La stratégie classique 60/40 (60 % actions, 40 % obligations) illustre ce rôle de stabilisateur. Les obligations ne sont pas là pour performer, mais pour protéger et diversifier.

Comment investir dans les obligations

Trois voies principales :

  • En direct : acheter des obligations individuelles sur le marché secondaire via un courtier. Ticket minimum souvent élevé (1 000-100 000 €).
  • Via des ETF obligataires : solution la plus accessible, diversifiée, et liquide. Dès quelques dizaines d’euros.
  • Via des fonds obligataires : gestion active ou passive, souvent disponibles en assurance-vie.

Ce qu’il faut retenir

  • Une obligation est un prêt : vous prêtez de l’argent et recevez des intérêts (coupons) puis le remboursement à l’échéance.
  • Le prix d’une obligation évolue inversement aux taux d’intérêt.
  • Le rendement à maturité (YTM) est le meilleur indicateur pour comparer les obligations.
  • Les obligations réduisent la volatilité d’un portefeuille et génèrent des revenus réguliers.
  • Les ETF obligataires sont le moyen le plus simple d’investir pour un particulier.

Questions fréquentes

Peut-on perdre de l’argent avec une obligation ?

Oui, de deux manières : si vous revendez avant l’échéance et que les taux ont monté (le prix aura baissé), ou si l’émetteur fait défaut et ne rembourse pas.

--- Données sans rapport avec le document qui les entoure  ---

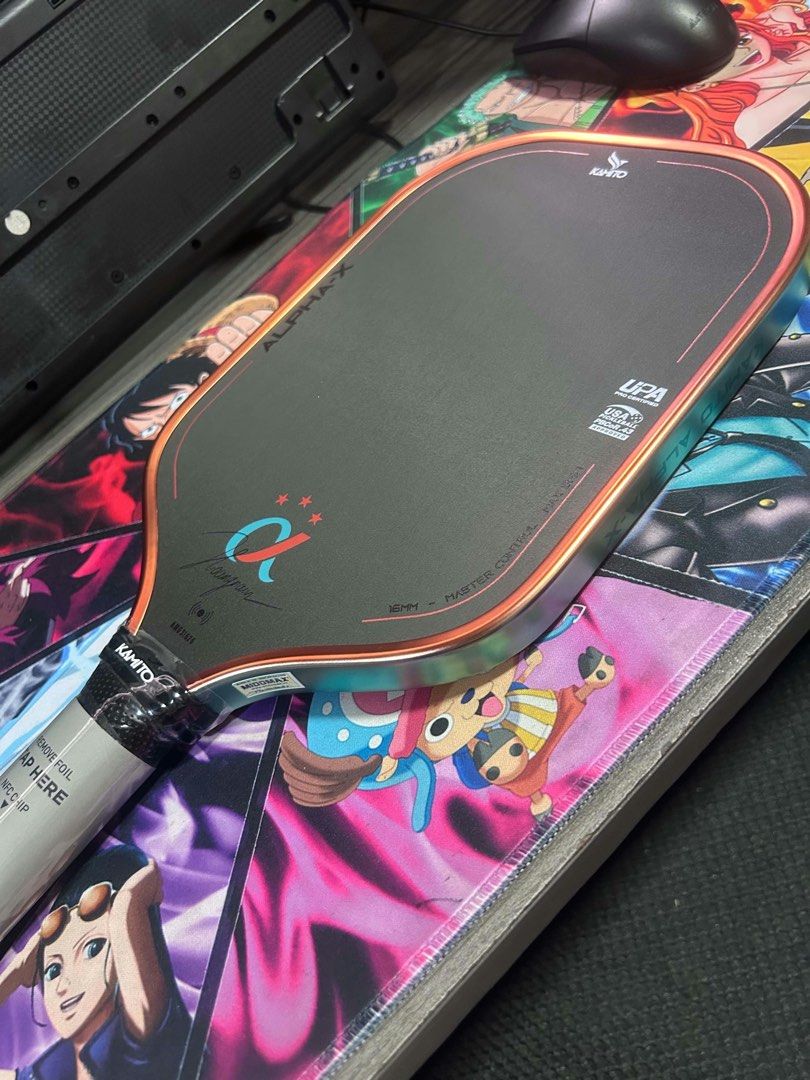 Kamito Alpha-X 16mm Pickleball Paddle (Category: Racket and Ball Sports) located in Taguig. Submitted by emmanuelfutaalan (Listing ID 1470590347, Image 1). Description: - Brand new Kamito Alpha-X pickleball paddle (16mm thickness) - USA Pickleball approved and UPA pro certified - Engineered for master control and maximum spin - Stylish iridescent shifting color finish on the edge guard - Factory wrap still intact on the handle, complete with NFC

Le risque de défaut est très faible sur les obligations d’État bien notées.

Quelle est la différence entre une obligation et une action ?

Une action donne un droit de propriété sur l’entreprise (avec participation aux bénéfices). Une obligation est un prêt (avec remboursement contractuel). L’obligation est prioritaire en cas de faillite : les créanciers sont remboursés avant les actionnaires.

Quand les taux montent, faut-il éviter les obligations ?

Pas nécessairement. Les obligations courtes sont peu affectées par les hausses de taux. Et les nouvelles émissions offrent des coupons plus élevés. C’est surtout les obligations longues existantes qui souffrent d’une hausse des taux.

Quel rendement espérer sur les obligations ?

Cela dépend du type d’émetteur et de la maturité. En 2024-2026, les obligations d’État européennes offrent 2-4 %, le corporate investment grade 3-5 %, et le high yield 5-10 %. Le rendement rémunère le risque pris.

Comment les obligations sont-elles imposées en France ?

Les coupons et les plus-values sont soumis au prélèvement forfaitaire unique (PFU) de 30 %, ou au barème progressif de l’impôt sur le revenu + prélèvements sociaux si c’est plus avantageux. En assurance-vie, la fiscalité est celle du contrat.

Les informations présentées sont fournies à titre éducatif et ne constituent pas un conseil en investissement. Les performances passées ne préjugent pas des performances futures.